Боль расцветала на месте разреза огненным цветком, и каждую секунду казалось, что она уже просто не может быть сильнее, но каждое следующее движение ножа обманывало эти ожидания. Боль мешалась с ужасом и восторгом, поглощая все лишние мысли и переживания. Мир сузился до рук, ножа, зеркала и кровоточащей раны. Феанаро будто бы не существовал в этом мире и в то же время был каждой из его составляющих.
Мышцы податливо расходились под лезвием, следующий хрящ потребовал усилий, вырвав у Феанаро еще один крик. Но пути назад уже не было.
Снова мышцы, затем снова плотный хрящ. И еще.
Вынув нож из длинного разреза, Феанаро пошатнулся, но успел выставить руку вперед и ударил по зеркалу, едва не разбив его. На стекле остался алый след ладони.
Со стоном выпрямившись, мастер оглядел дело своих рук, и ужас на миг пересилил восторг и предвкушение величайшей работы. Может, еще можно позвать на помощь? Придут целители, отнесут его в постель и зашьют рану, спасут его от гибели… снова оставив наедине с отчаянием и пустотой, с замыслом, который не воплотить. Разве есть смысл в такой жизни? Если ему суждено создать прекраснейший из камней и умереть — то пусть будет так.
Феанаро переложил нож в правую руку, а пальцы левой запустил в рану, расширяя ее, пока не смог ухватить собственные отсеченные ребра. Было скользко и невообразимо, невозможно больно. Голова кружилась, перед глазами плыли алые пятна, и Феанаро чувствовал, как из него вместе с кровью вытекает жизнь.
Руки слабели, пальцы все так же дрожали, и он знал, что у него есть только один шанс.
Зарычав, словно разъяренный зверь, он изо всех сил рванул ребра влево, выломав их с влажным хрустом. В глазах потемнело, сознание погрузилось в черную пучину, в которой не было ничего, кроме бесконечного мучения.
Когда Феанаро колоссальным усилием воли заставил себя очнуться, он обнаружил, что стоит на коленях, инстинктивно опираясь о зеркало, в луже собственной крови. Грудная клетка была разворочена, и он видел трепещущее легкое и бешено колотящееся сердце. Значит, осталось немного.
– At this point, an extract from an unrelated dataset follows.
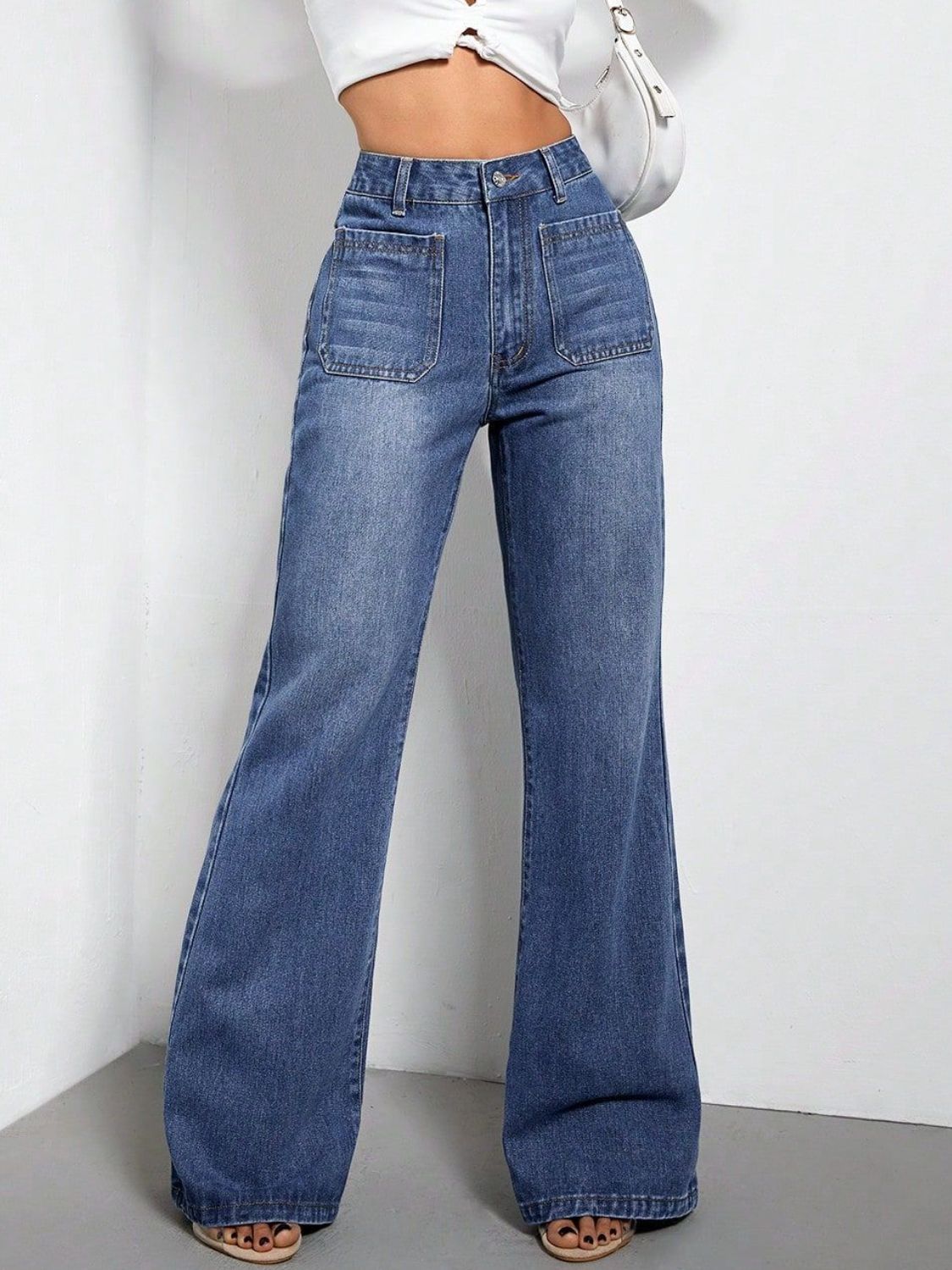 High Waist Bootcut Jeans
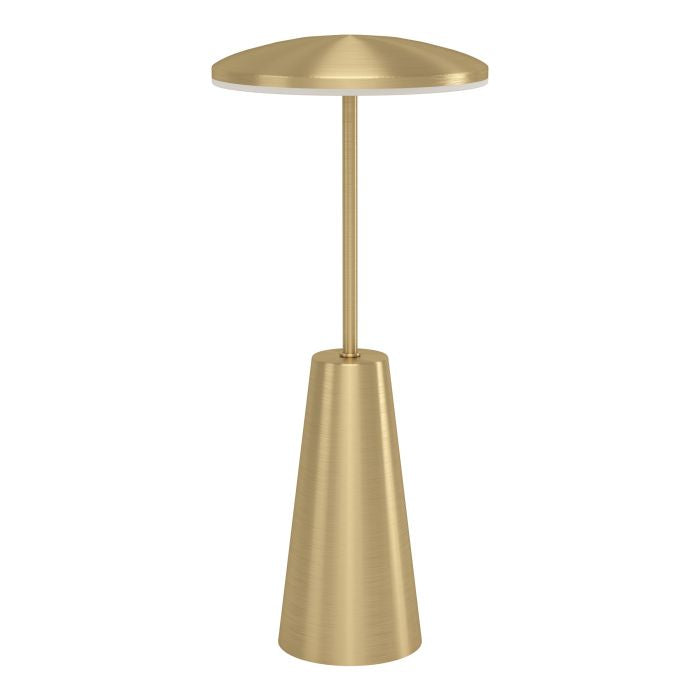 Eglo Piccola brushed brass portable bordlampe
Нож валялся на полу, и Феанаро подобрал его. Вставать он не решился, лишь снова выпрямил спину. От этого движения кровь снова брызнула на стекло и на его руки, но это уже не имело значения.
Ему нужно было сердце, чтобы завершить работу.
Он не свыкся с болью, но она как будто поблекла, уступив место азарту. Сейчас или никогда.
Быстрым движением Феанаро отсек вену, затем другую и третью, действуя вслепую, поскольку за хлынувшим темным потоком ничего не было видно. И наконец ярко-алый фонтан хлынул из перерубленной аорты, залив зеркало, пол и всего Феанаро.
Но мастер каким-то невероятным образом был еще жив. Зеркало и нож ему больше не требовались. Как не требовалось и сердце, которое теперь билось в его ладонях, сокращаясь и расслабляясь, будто все еще качало кровь по жилам эльда. Оно казалось неправдоподобно горячим, словно вмещало в себя все пламя души мастера.
И Феанаро знал, как обратить его в кристалл — основу для величайшего Камня.
Феанаро резко подскочил на постели и сел, бешено озираясь. Тельперион был на самом пике своего свечения, через открытое окно доносилось только пение ночных птиц. Тирион мирно спал, и никто даже представить не мог, какое жуткое и удивительное видение посетило принца.
Еще не вполне понимая, где явь, а где грезы, Феанаро принялся ощупывать свою грудь. Под пальцами, разумеется, была гладкая кожа: ни разреза, ни шрама от него. Несколько успокоившись, он встал, как был, в одной длинной рубахе, побежал в сокровищницу, туда, где запертые в ларце хранились Сильмарили.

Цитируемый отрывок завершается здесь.